RSPCA faces huge bill over Framlingham cattle cull

The RSPCA is likely be ordered to pay at least $2 million damages for the loss of prized Murray Grey breeding stock that were euthanised at Framlingham.

The RSPCA is likely be ordered to pay at least $2 million damages for the loss of prized Murray Grey breeding stock that were euthanised at Framlingham.

VICTORIA’S animal protection agency has been dealt a major blow by a County Court ruling yesterday which found it negligent after inspectors euthanased 131 head of cattle at Framlingham.

It means the RSPCA is likely be ordered to pay at least $2 million damages for the loss of prized Murray Grey breeding stock and a substantial legal bill following a 44-day trial which heard from about 30 witnesses. It is understood to be the first successful court action against the society for destruction of livestock.

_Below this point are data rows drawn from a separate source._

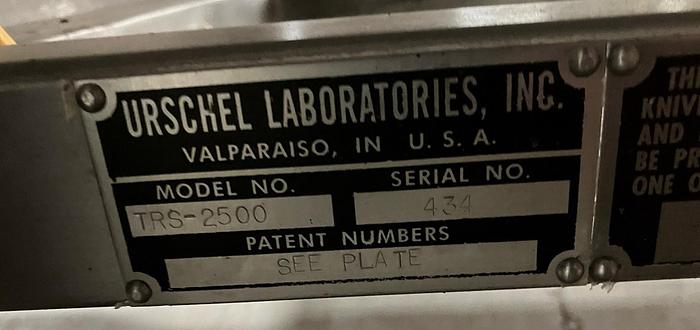 Used Urschel translicer 2500 Cutter, Slicer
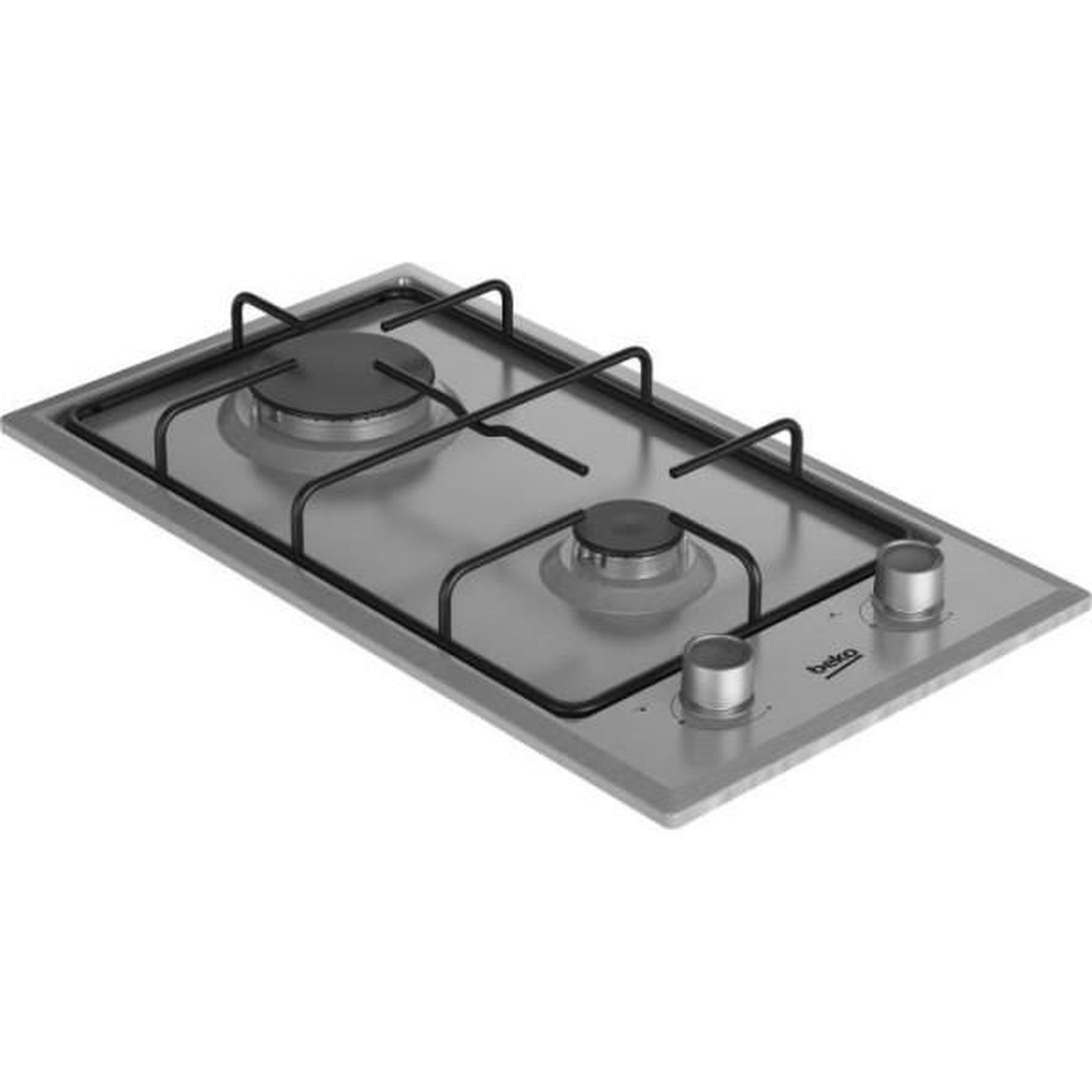 Voir la diapositive 3 : Beko Domino gaz 30cm 2 feux inox - HDCG32220FX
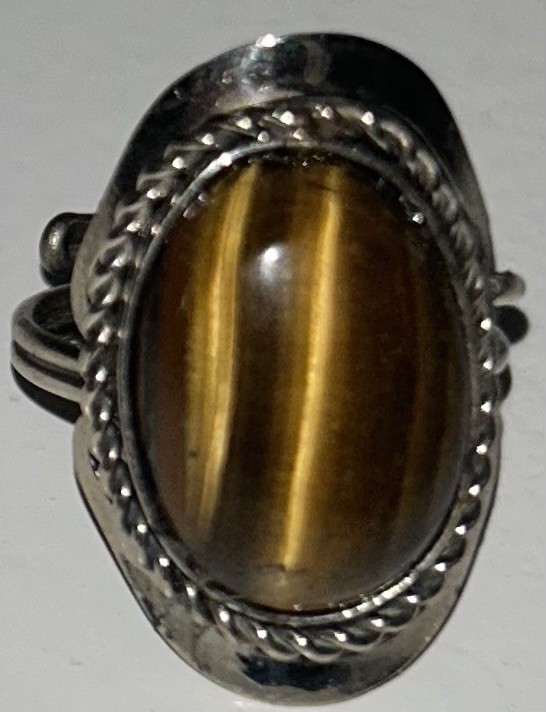 ✨Peruvian Jewelry Amethyst Quartz Ring Adjustable Size Alpaca Silver Artisan✨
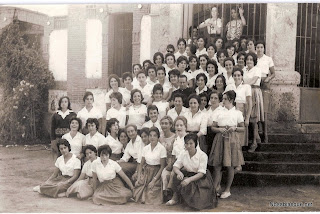 La sección femenina en el albergue de Candelario Salamanca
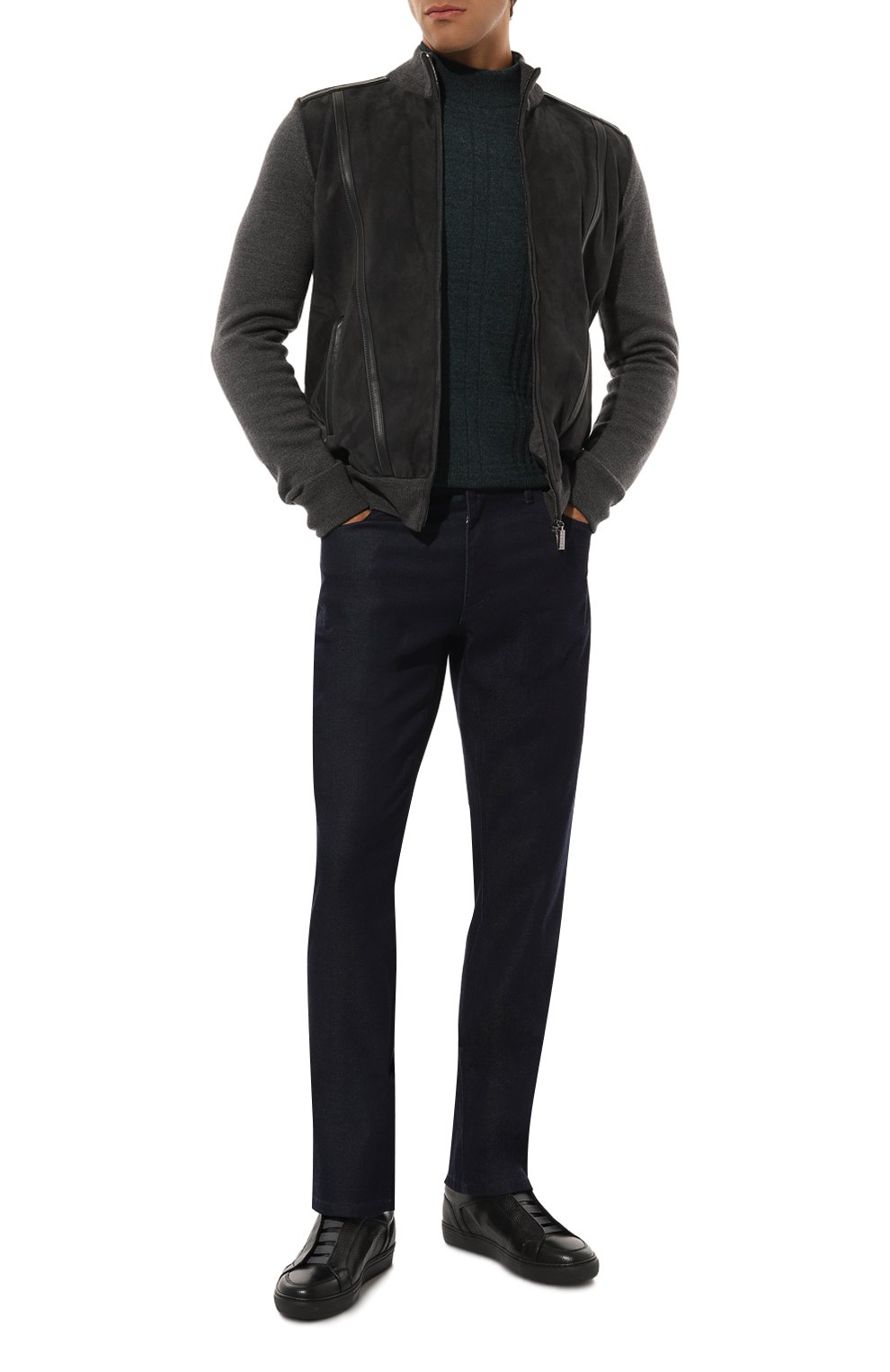 Кожаные кеды DOUCAL'S, арт. DU3218ERICPF718N, фото 2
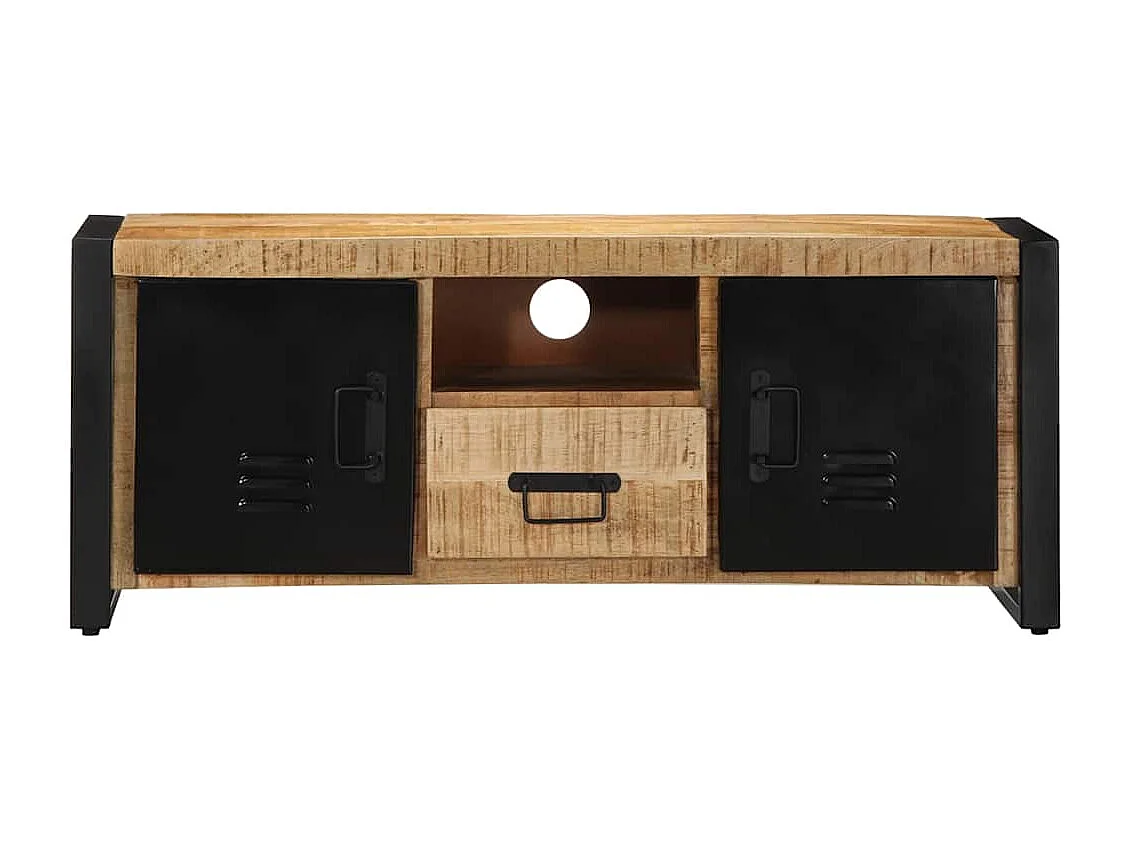 Meuble TV | Banc TV | Armoire TV 100x30x40 cm bois massif de manguier brut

The ruling in Melbourne by Judge John Bowman follows a long and complicated legal battle by farmers James Holdsworth, of Westmere, and Heather Ellison, of Bairnsdale who had arranged for more than 300 head of cattle they jointly owned to be brought from drought-ravaged NSW to Framlingham forest for agistment in 2003. Senior RSPCA inspector Jason Nicholls and fellow RSPCA junior officer Mark Roberts shot the cattle in paddocks owned by Framlingham Aboriginal Trust after investigating reports of starving animals.

They then charged the livestock owners with cruelty, but the case was dismissed in Ballarat Magistrates Court.

The RSPCA argued through both cases it acted within its authority to prevent cruelty to animals and alleged the cattle had effectively been abandoned, neglected and were emaciated.

However, Judge Bowman ruled otherwise and said Nicholls “hastily and negligently” put down the animals which included two bulls and three calves. 

A further hearing will be held on September 1 to discuss total damages payment.

RSPCA Victoria chief executive Maria Mercurio did not rule out challenging the decision.

“We will be consulting with our insurer and their legal team to consider our next steps in the legal process,” he said.

“We’re very disappointed with the outcome of today’s hearing. Our RSPCA inspectors work tirelessly to investigate and prosecute animal cruelty, with the sole aim of improving the lives of animals.”

Legal representative for the plaintiffs, Triston Weston, of Maitland Lawyers, said Mr Holdsworth and Ms Ellison were “elated, exhausted and relieved”.

“This has been a 10-year litigation which has been financially and emotionally draining,” he said.

“It’s been a David and Goliath battle with our small legal firm of two partners taking on a large specialist firm.

“The 44-day trial involved a Queen’s counsel and four barristers. 

“Witnesses included former Moyne mayor Jim Doukas and Framlingham Aboriginal identity Geoff Clark.

“Our clients are just down-to-earth country people who told the truth.

“I believe this is the first time anyone has successfully sued the RSPCA for destruction of animals.”

Mr Weston, who was raised and educated in Warrnambool, said the RSPCA had effectively eradicated a herd with six or seven generations of careful breeding. “We say it’s now unviable for our clients to continue breeding with the herd that was left,” he said.

“They had only a truckload left to take home.”

The total of cattle shot by the RSPCA and taken to an abattoir at Tesbury was disputed, but the judge calculated 131 as the appropriate number. Other cattle were assumed to have died beforehand in the paddocks.